Abstract

Domain adaption (DA) for person re-identification (ReID) has attained considerable progress by transferring knowledge from a source domain with labels to a target domain without labels. Nonetheless, most of the existing methods require access to source data, which raises privacy concerns. Source-free DA has recently emerged as a response to these privacy challenges, yet its direct application to open-set pedestrian re-identification tasks is hindered by the reliance on a shared category space in existing methods. Current source-free DA approaches for person ReID still encounter several obstacles, particularly the divergence-agnostic problem and the notable domain divergence due to the absent source data.

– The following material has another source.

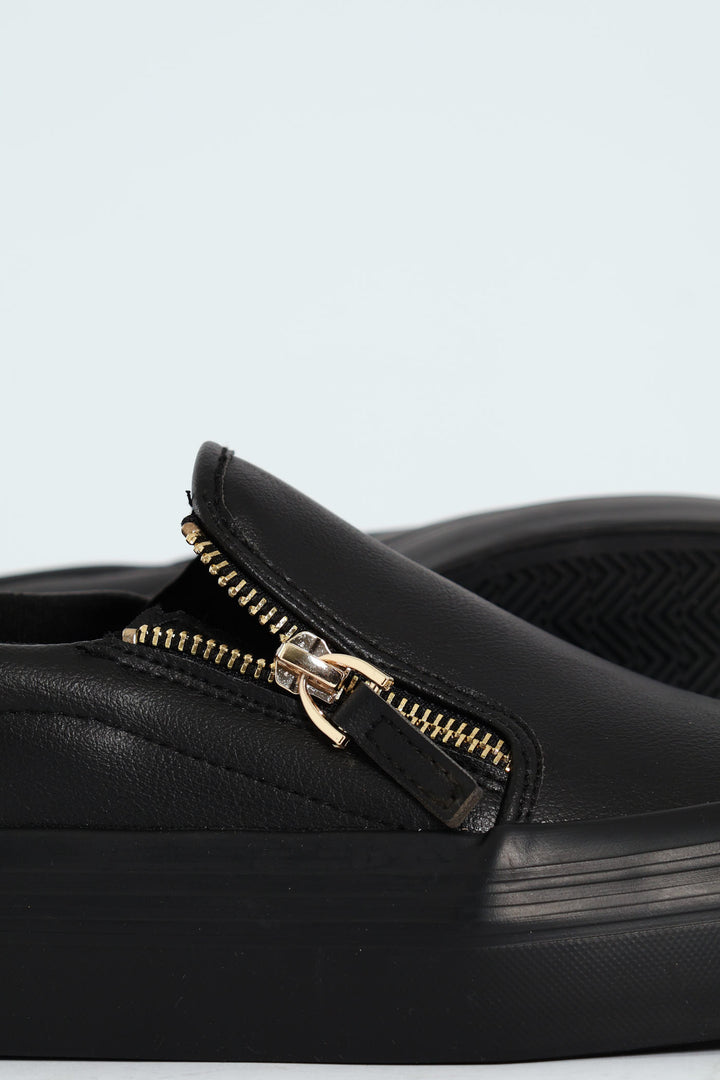 Platform Mono Slip On Sneaker With Side Zip - Black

In this article, we introduce an Instance-level Adversarial Mutual Teaching (IAMT) framework, which utilizes adversarial views to tackle the challenges mentioned above. Technically, we first elaborately develop a variance-based division (VBD) module to segregate the target data into instance-level subsets based on their similarity and dissimilarity to the source using the source-trained model, implicitly tackling the divergence-agnostic problem. To mitigate domain divergence, we additionally introduce a dynamic adversarial alignment (DAA) strategy, aiming to enhance the consistence of feature distribution across domains by employing adversarial instances from the target data to confuse the discriminators. Experiments reveal the superiority of the IAMT over state-of-the-art methods for DA person ReID tasks, while preserving the privacy of the source data.